KEPALA UNESCO SESALKAN PEMBUNUHAN WARTAWAN

      New York, 4 Rabiul Awal 1434/16 Januari 2013 (MINA) – Kepala badan PBB yang bertugas membela kebebasan pers hari ini mengeluarkan kecaman atas pembunuhan para wartawan dalam tiga insiden terpisah di Pakistan, Tanzania dan Republik Afrika Tengah (CAR) dalam beberapa hari terakhir.

    Dalam satu siaran pers, Direktur Jenderal Pendidikan PBB, Scientific and Cultural Organization (UNESCO), Irina Bokova kepada UN yang dikutip yang dikutip Mi’raj News Agency (MINA) mengecam pembunuhan komunitas wartawan radio Elisabeth Blanche Olofio, yang kehilangan nyawanya ketika oposisi menyerbu stasiun radionya, Radio Be Oko, pada 8 Januari di kota Bambari di CAR.
    “Saya mengutuk pembunuhan Elisabeth Blanche Olofio dan merasa prihatinan tentang keamanan rekan-rekannya,” kata Bokova. Dia juga semua kelompok yang berperang di negara Afrika untuk menghormati status sipil wartawan.
    Selama sebulan terakhir, CAR mengalami gejolak kekerasan, sejumlah kota dilaporkan di bawah kendali kelompok bersenjata yang pada gilirannya menyebabkan ribuan orang mengungsi di wilayah di mana pertempuran terjadi.
    Setelah serangan di Radio Be Oko, asosiasi kebebasan pers beroperasi di daerah tersebut dilaporkan tidak menerima berita mengenai keselamatan rekan Olofio dan stasiun radio telah menghentikan siarannya.
    Bokova menggarisbawahi pentingnya masyarakat berbasis media, mencatat bahwa wartawan seperti Olofio disediakan berita untuk sebagian besar penduduk dan memberikan kontribusi untuk “kesejahteraan dan pengembangan masyarakat biasa.”
    Dalam pernyataan pers terpisah yang dirilis hari ini, kepala UNESCO mengutuk pembunuhan reporter radio lain, Tanzania wartawan Issa Ngumba, yang juga ditemukan tewas pada 8 Januari.

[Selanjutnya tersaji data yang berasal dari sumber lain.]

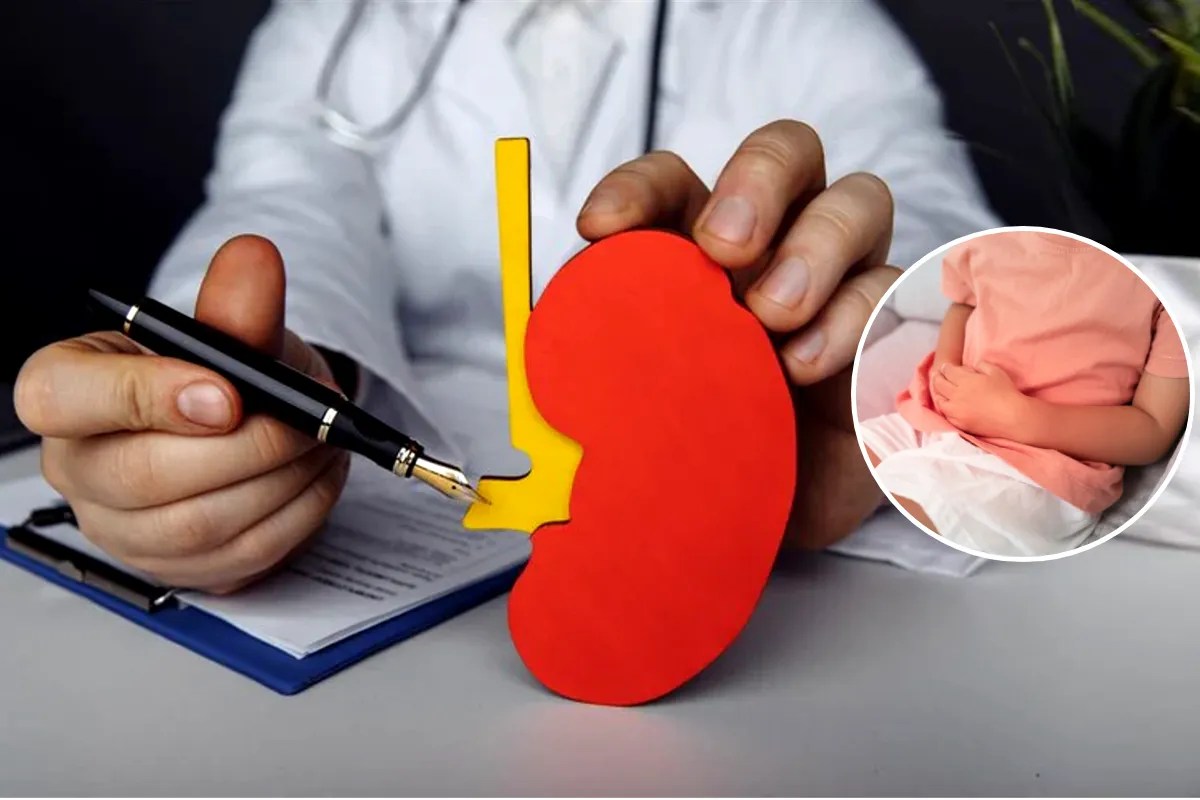 kidney stone patients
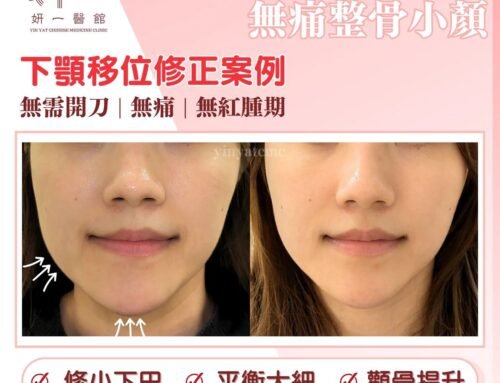 面對問題- 下顎移位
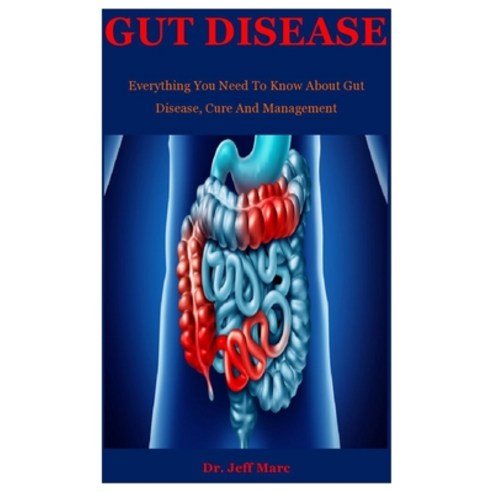 Gut Disease: Everything You Need To Know About Gut Disease Cure And Management Paperback, Independently Published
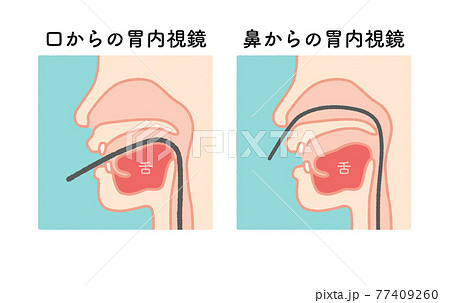 内視鏡 図解 イラスト 文字なし 77409260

    Ngumba telah hilang selama tiga hari sebelum tubuhnya ditemukan di Hutan Tanzania Kajuhuleta, menunjukkan tanda-tanda bahwa ia telah dicekik atau digantung, menurut laporan media. Dia adalah wartawan kedua yang tewas di Tanzania dalam beberapa bulan terakhir.

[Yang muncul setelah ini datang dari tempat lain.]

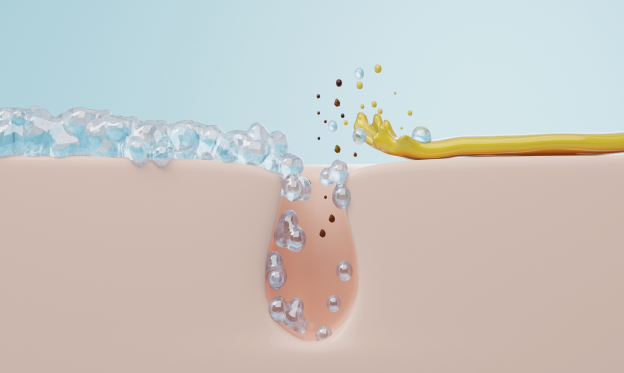 Schéma de l'action de l'hydrafacial sur la peau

    Bokova menyesalkan pembunuhan dan mengimbau pemerintah daerah untuk menyelidiki kejahatan sedapat mungkin.
    “Sangat penting bahwa serangan terhadap pekerja media dituntut untuk menjunjung tinggi hak asasi manusia untuk kebebasan berekspresi,” kata dia.      “Keselamatan kerja memberikan kontribusi terhadap kemampuan wartawan untuk menginformasikan debat publik yang menjadi landasan demokrasi.”
    Konsentrasinya pada Pakistan, di mana serangkaian pengeboman di Quetta Jumat lalu dilaporkan menewaskan sedikitnya 100 orang dan melukai setidaknya 200 lebih, termasuk tiga wartawan, Bokova juga menyampaikan belasungkawa kepada orang-orang dari negara Asia.

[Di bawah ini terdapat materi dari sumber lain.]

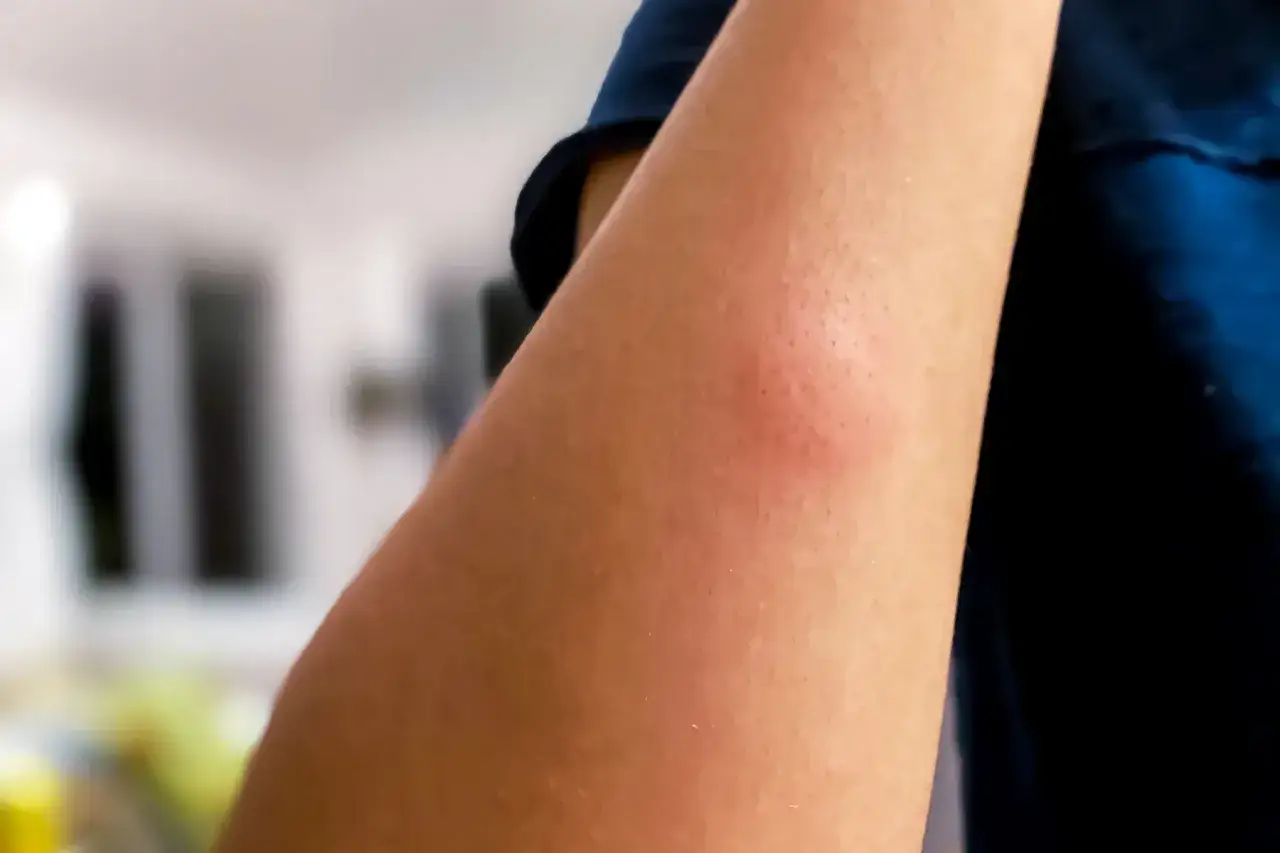 Un bras avec un bouton de moustique rouge et enflé.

    “Serangan Bom di Quetta Jumat lalu yang ditargetkan penduduk sipil serta pelayanan penyelamatan dan media, yang sangat mengejutkan,” katanya, menambahkan bahwa serangan itu melanggar nilai-nilai demokrasi dan hak asasi manusia.
    “Saya mendesak pemerintah Pakistan dapat melakukan sekuat tenaga untuk membawa mereka bertanggung jawab ke pengadilan,” lanjutnya.
    Menurut laporan independen, tiga wartawan tewas dalam gelombang kedua pemboman yang melanda kota Pakistan saat mereka bergegas untuk melaporkan dari lokasi ledakan pertama.
    Imran Shaikh, seorang juru kamera berita untuk Samaa TV, dan Mohammad Iqbal, seorang fotografer dengan kantor berita News Network International (NNI) tewas seketika, sementara Saif-ur-Rehman, seorang reporter Berita Samaa, dibawa ke rumah sakit setempat di mana ia kemudian meninggal akibat luka-lukanya.(T/R-012/R-008).